Power yoga delivers strength, endurance, balance, happiness and flexibility. But Lenore Bishop’s class is a beast.
Yogis follow their favorite instructors, and Bishop is certainly followed. She teaches with Ruby and Pearl’s in Ft. Myers and Bala Vinyasa in Naples. If you’re five minutes early to class, you’re really ten minutes late. It’s mat to mat and wall to wall.
Bishop teaches Baptiste style. The tradition builds strength and cultivates confidence. Through this a transformation to a stronger body and mind becomes possible.
The doors are shut. The AC is dead. It’s about 90 degrees. You’re sweating. A lot.
This is advanced asana. There’s no easing into this practice except a brief child’s pose. Bishop launches a swift vinyasa flow of multiple sun salutations and warrior sequences. The practice is peppered with postures like flying pigeon, crow with jumpbacks, half moon and tripod headstands.
Yoga is a time to move inward, but Bishop questions such wisdom in a world where people are more disconnected than ever.

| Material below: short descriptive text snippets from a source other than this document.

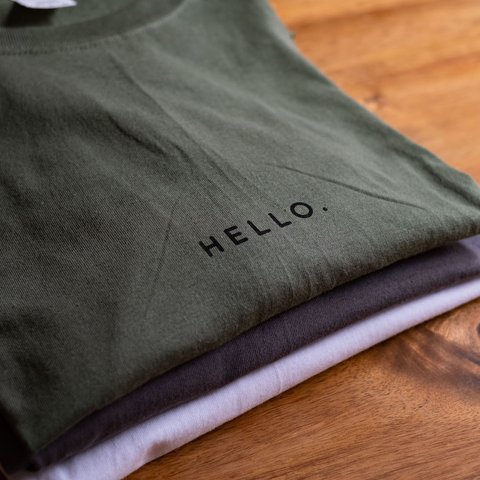 ビッグロングTシャツ「HELLO.」／グリーン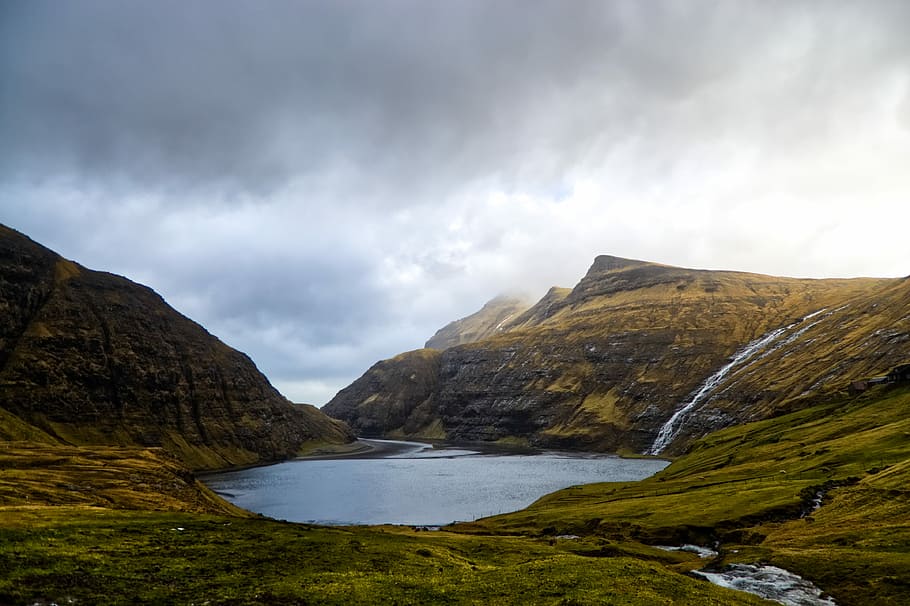 lake under nimbus clouds, lake in the middle of mountains, waterfall HD wallpaper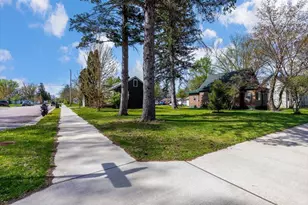 610 SE 15th St, Brainerd, MN 56401 - Photo 22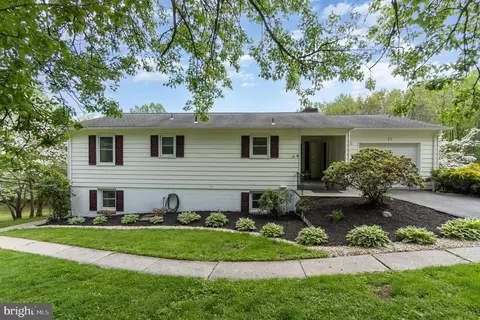 21 Robin Trl, Fairfield, PA 17320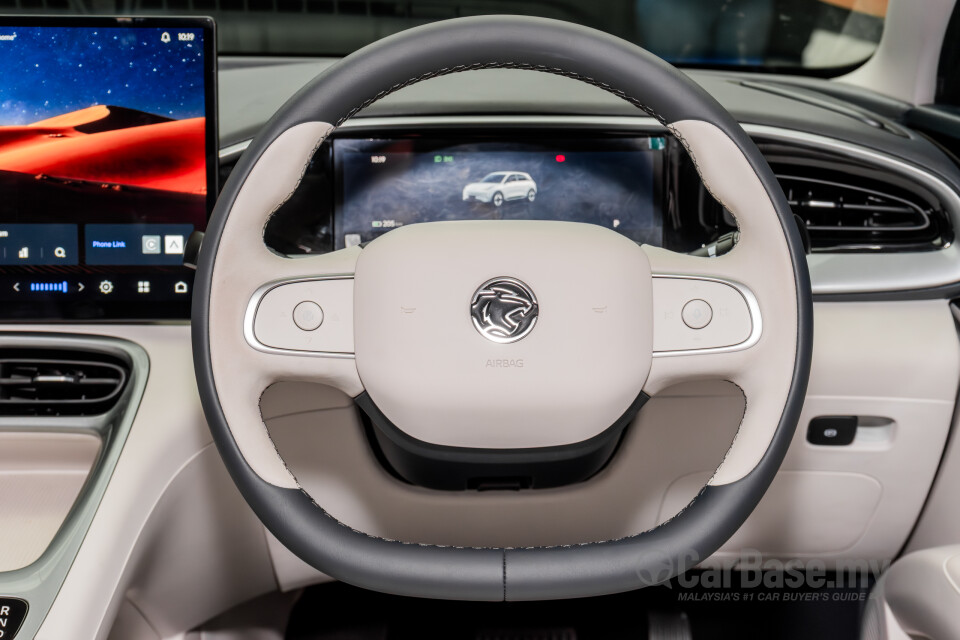 Proton eMas 5 Mk1 (2025) Interior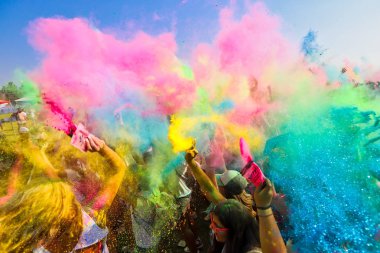 Thessaloniki, Yunanistan - 2 Eylül 2018: Tanımlanamayan insanların kalabalıklar 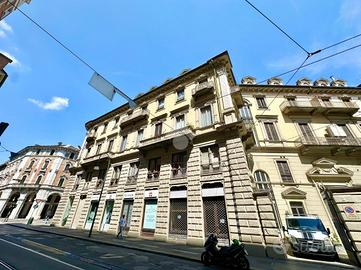 NEGOZIO A TORINO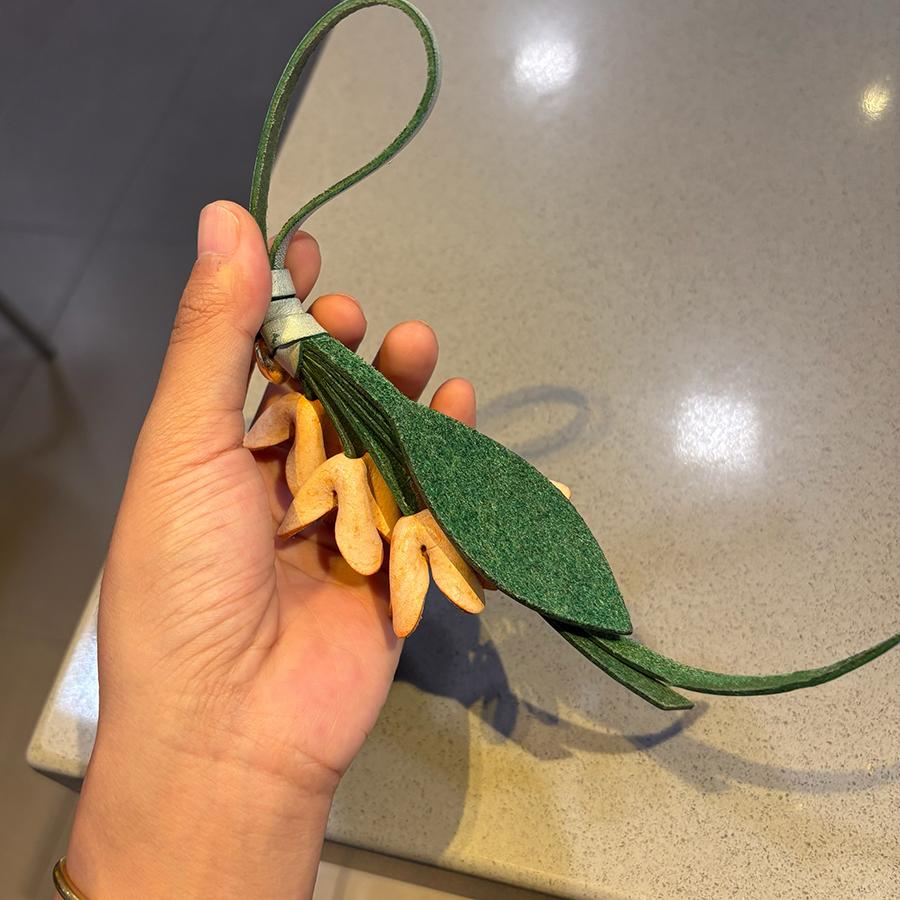 Echtleder Blumenförmiger Taschenanhänger Rindslederseil Damen Tulpen-Taschenanhänger Autoschlüsselanhänger Handschlaufe Zubehör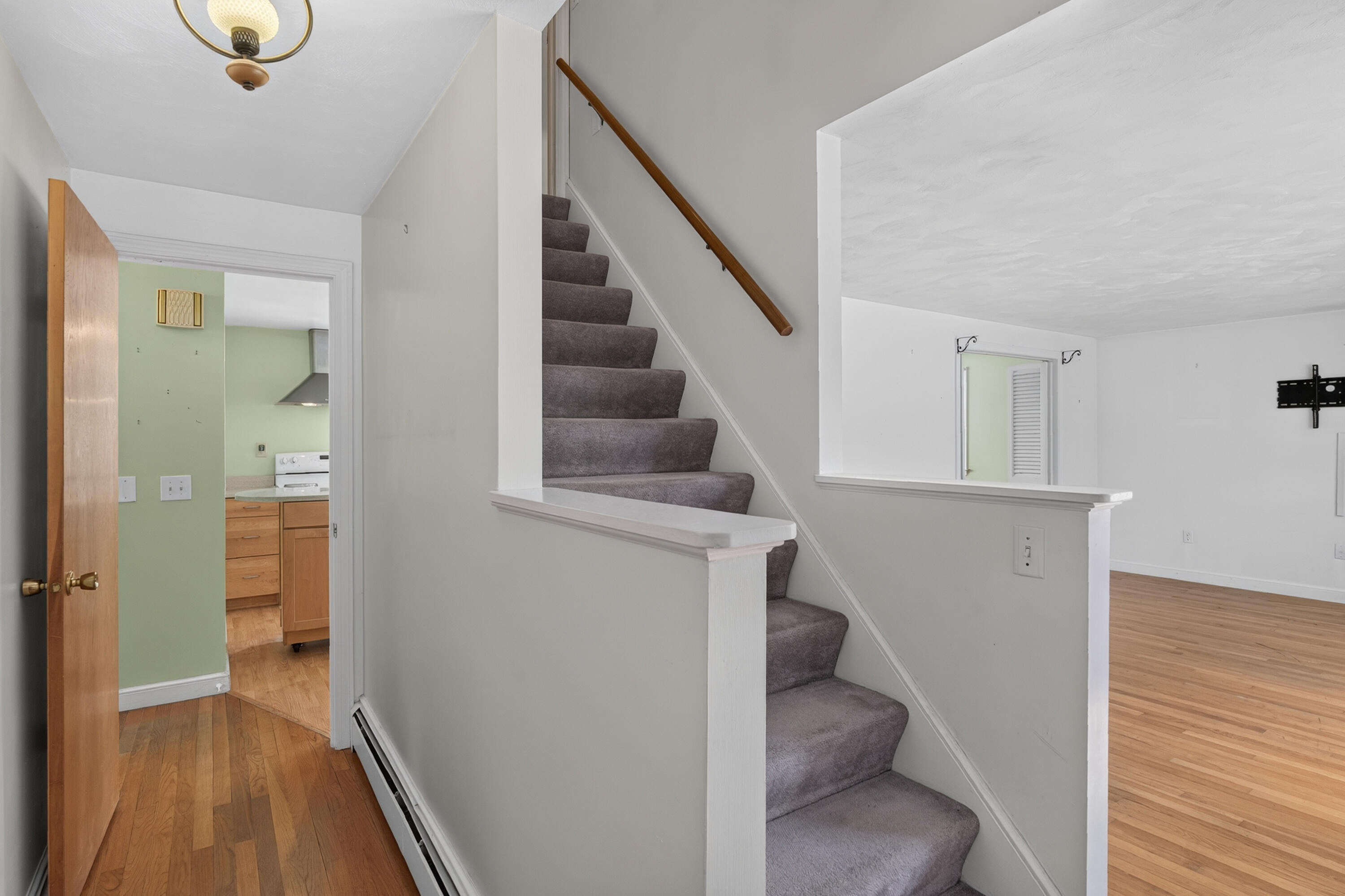 82 Columbia Avenue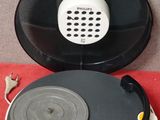 un tourne-disque posé sur une table rouge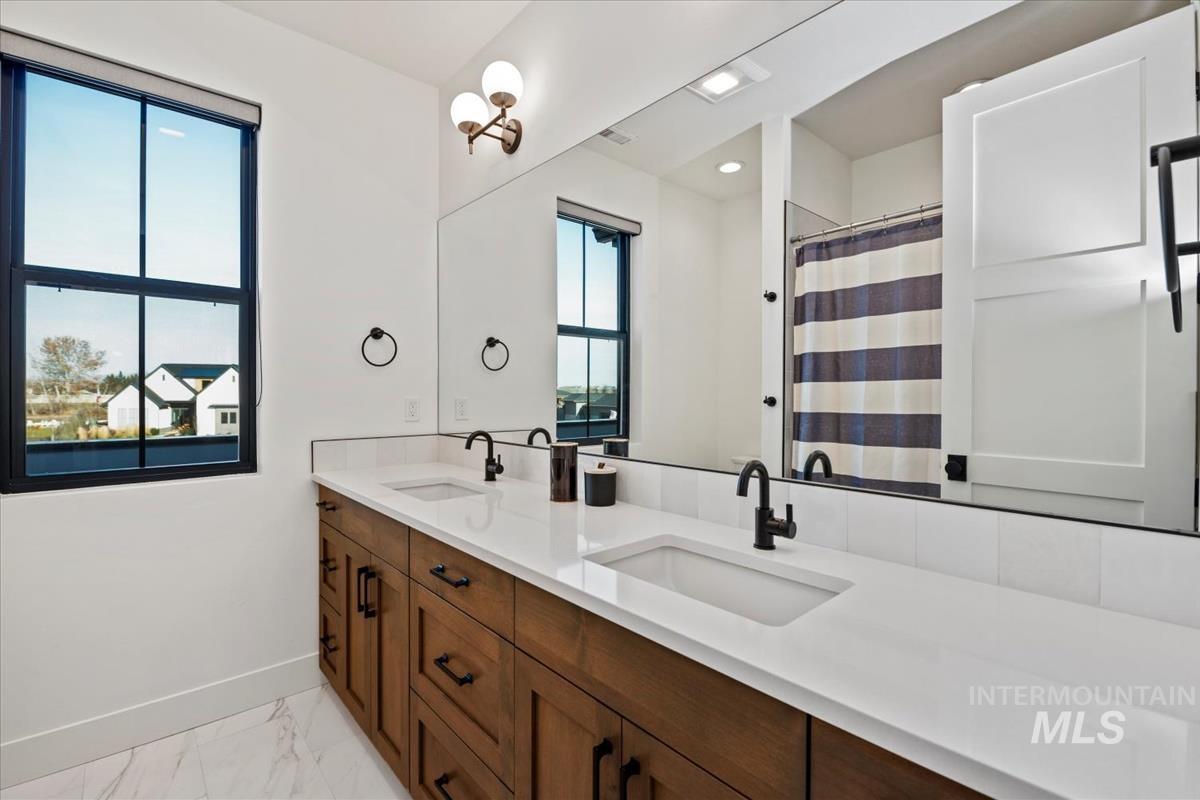 6509 Big Wood Way, Star, Idaho 83669, 4 Bedrooms, 4.5 Bathrooms, Residential For Sale, Price $1,399,000,MLS 98983191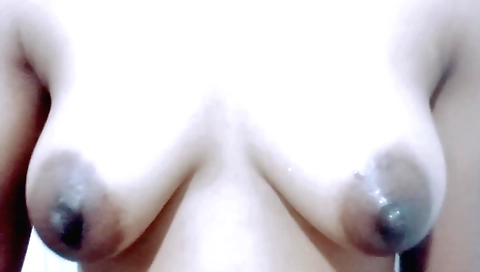 Indian girl with small boobs is having fun in her room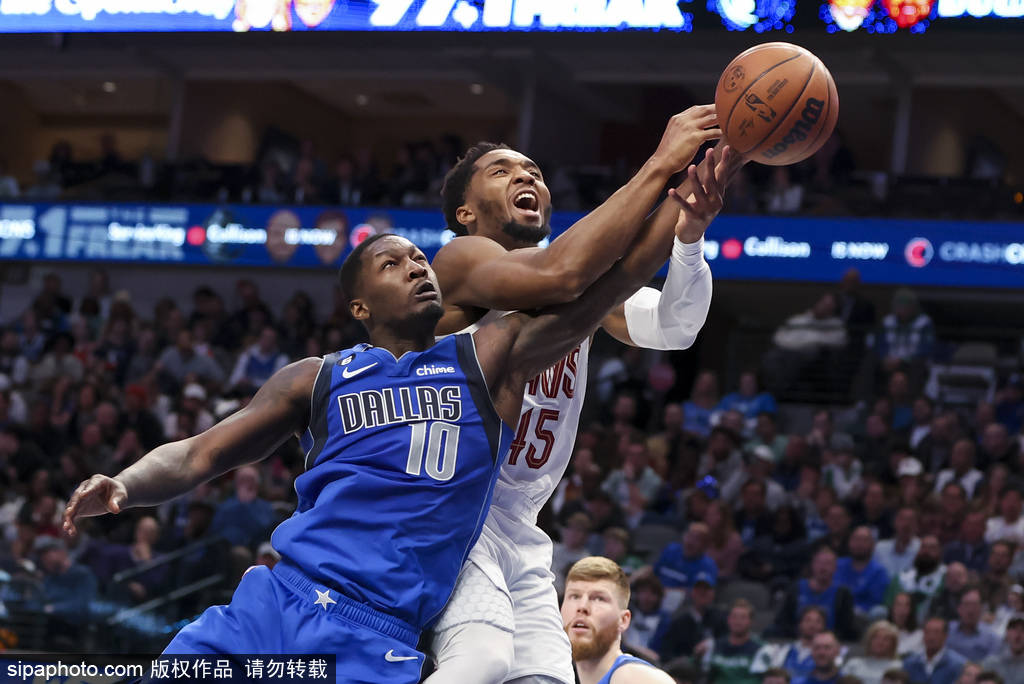 独行侠主场迎战爵士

Thus Bishop’s sneaky quest: She paradoxically combines the individual’s mat experience with a collective one.
She’s breaking all the rules to get there.
There will be talking. This room is not silent. When Bishop talks to the class, the class answers. Commentary and jokes flow freely. No one is shy about loud, moaning exhales.
Bishop reminds the class that there is a difference between curiosity and pushing. “What is possible, right here, right now, in this moment?” she asks.
Students laugh as they attempt, succeed and possibly (frequently) tumble out of tricked-out asana.
There will be touching. When it’s mat to mat, it’s hard to avoid smacking others. Bishop puts the crowd to work. As students balance on one leg for tree, they anchor themselves arm to arm. The steady balance the wobbly; the wobbly strengthen the roots of the steady. As the room reclines in twists, hands press strangers’ shoulders to the mats. In a sea of downward-facing dogs, lifted legs rest on neighbors’ backs.
Everyone got over mingling sweat long ago.
The music will rock. The singing bowls, harmonium, and Sanskrit chanting are notably absent. Power is intensity, so Bishop reaches for the “buoyancy” of Pink Floyd (with glow sticks and black light), the Beastie Boys, 80s favorites and hip hop. Yes, you can sing along and dance in your poses.
Some take their yoga seriously and may find this class distracting. Yet, Bishop’s approach is compelling. The goal of yoga is unity, to sense your oneness with all that is, to unearth your true self and to banish the lonely disconnection.
“Now I realize it is so important to connect with the people around me. The best parts of life are when we share our time with others,” Bishop said. What better time than when you are closest to your authentic self?
Once upon a time, a yoga teacher was called a guru. Some still are. Bishop may qualify.